Try it:
Every line from the one with "Riko Sakurauchi, 4k, manga, personagens" to the end of the listing below must be printed exactly, with no other text and no pictures.

--------------------

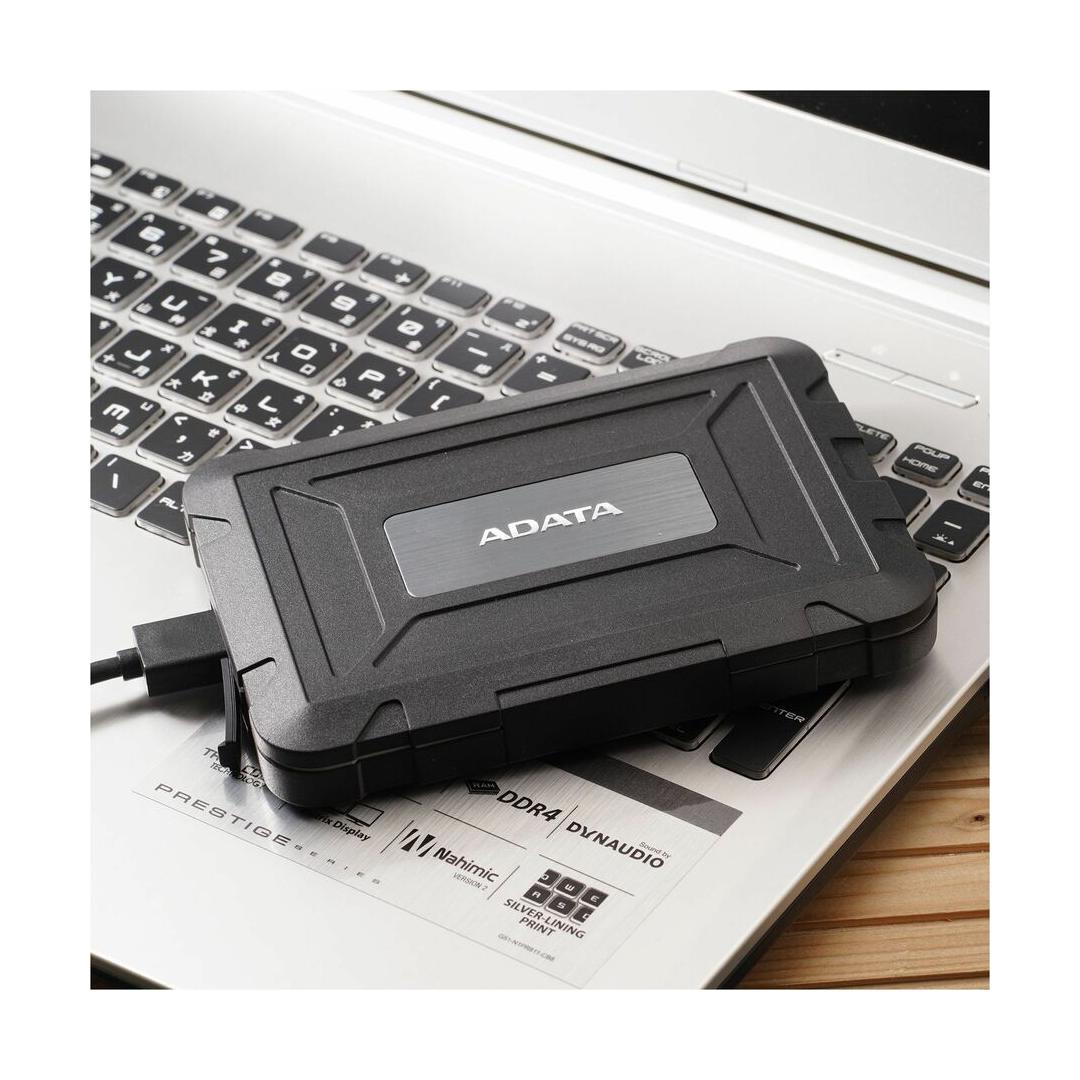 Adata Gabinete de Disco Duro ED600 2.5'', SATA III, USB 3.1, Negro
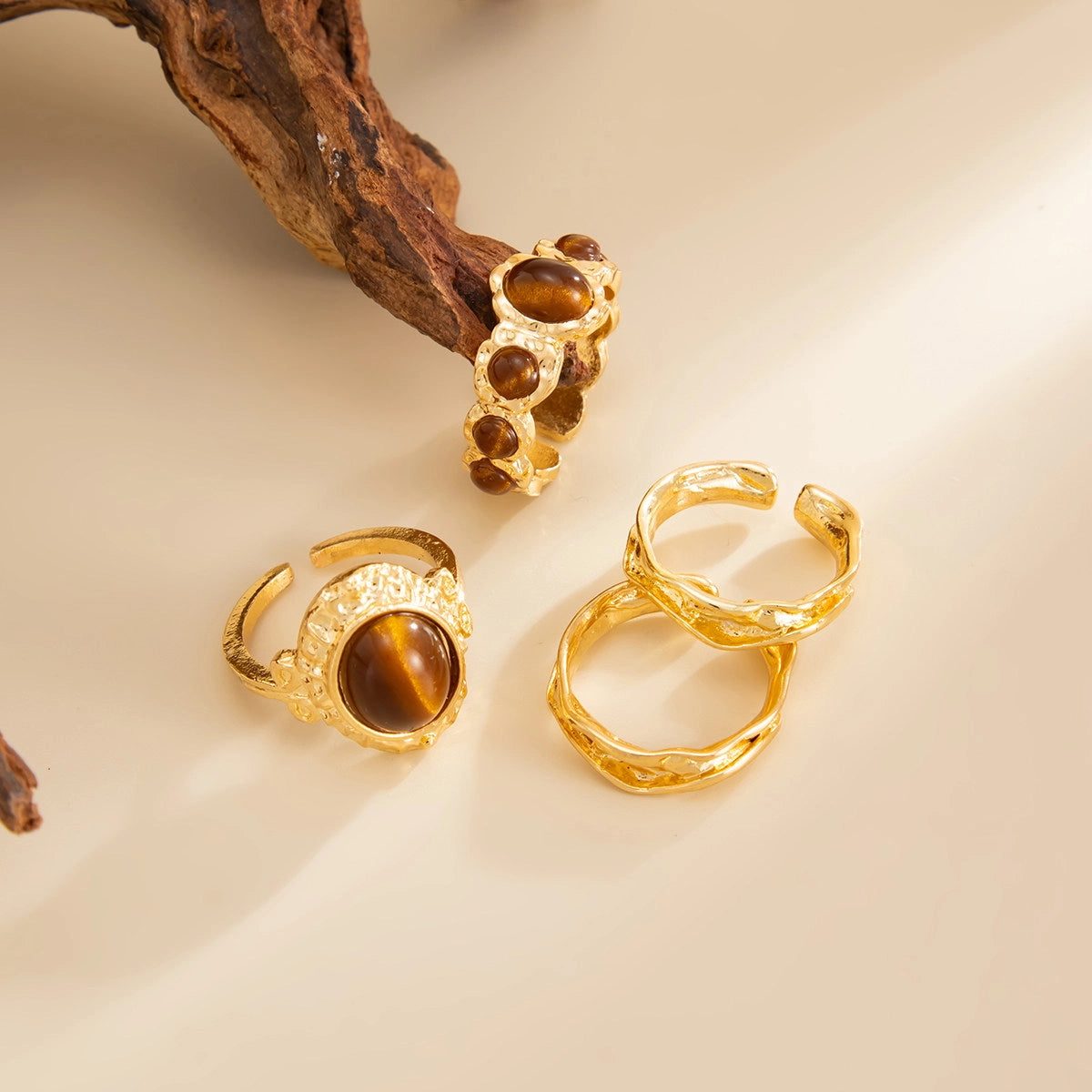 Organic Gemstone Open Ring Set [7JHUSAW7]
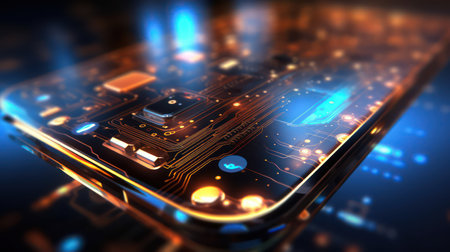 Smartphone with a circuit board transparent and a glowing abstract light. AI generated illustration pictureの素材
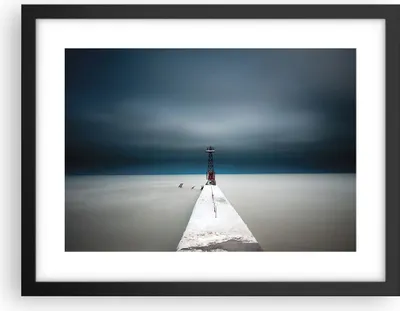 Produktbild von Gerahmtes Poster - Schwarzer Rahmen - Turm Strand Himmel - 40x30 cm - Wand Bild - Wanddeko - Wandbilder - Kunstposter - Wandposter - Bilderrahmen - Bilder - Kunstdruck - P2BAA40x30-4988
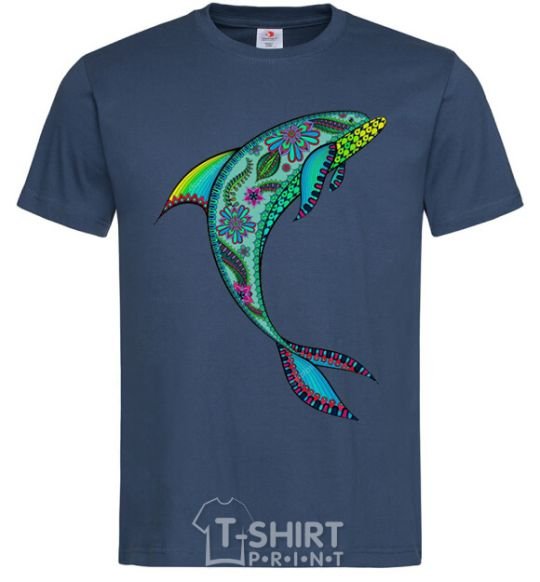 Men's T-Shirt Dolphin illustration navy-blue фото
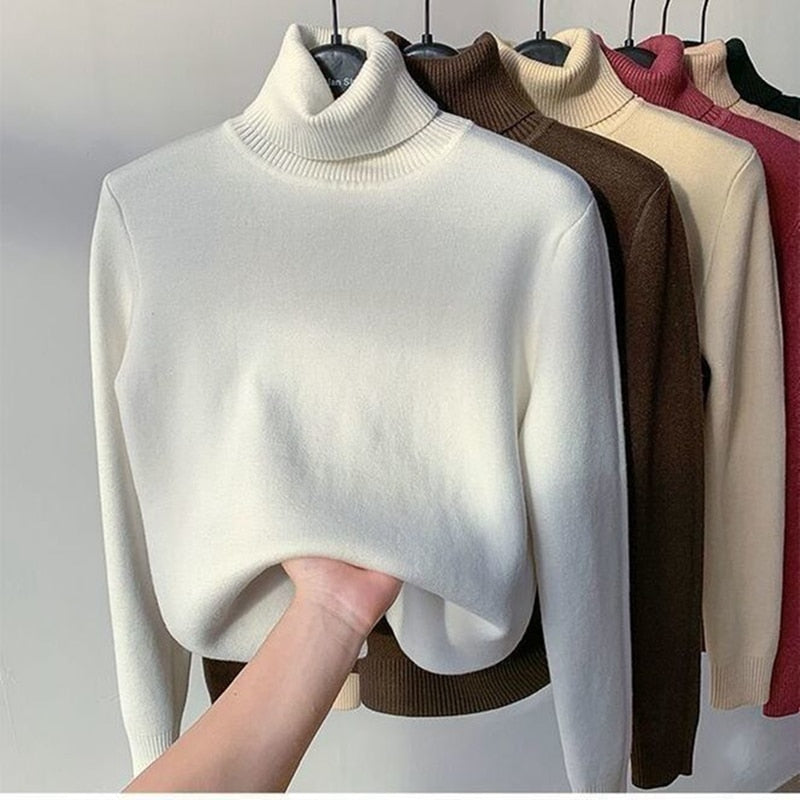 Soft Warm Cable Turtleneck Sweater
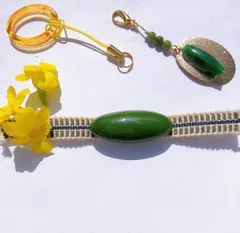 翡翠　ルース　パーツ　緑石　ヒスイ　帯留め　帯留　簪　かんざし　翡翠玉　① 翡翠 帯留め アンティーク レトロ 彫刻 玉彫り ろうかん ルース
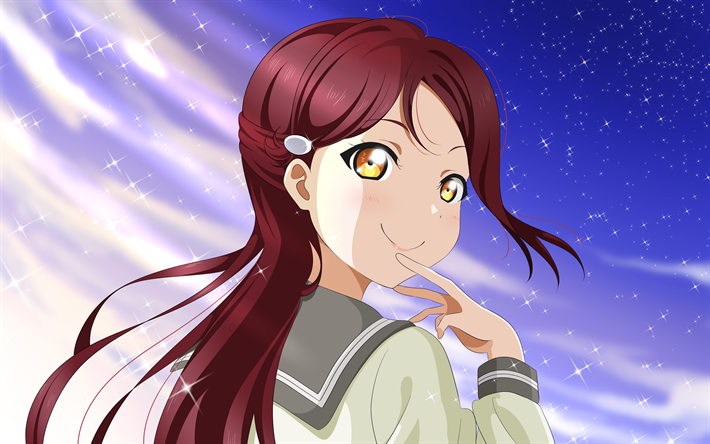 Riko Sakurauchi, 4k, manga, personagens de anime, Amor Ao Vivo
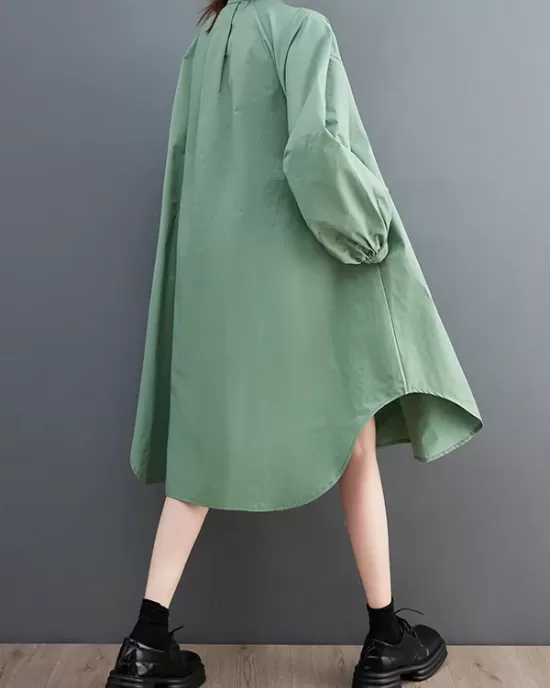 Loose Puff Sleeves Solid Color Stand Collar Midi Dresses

--------------------

Task output:
 Riko Sakurauchi, 4k, manga, personagens de anime, Amor Ao Vivo
 Loose Puff Sleeves Solid Color Stand Collar Midi Dresses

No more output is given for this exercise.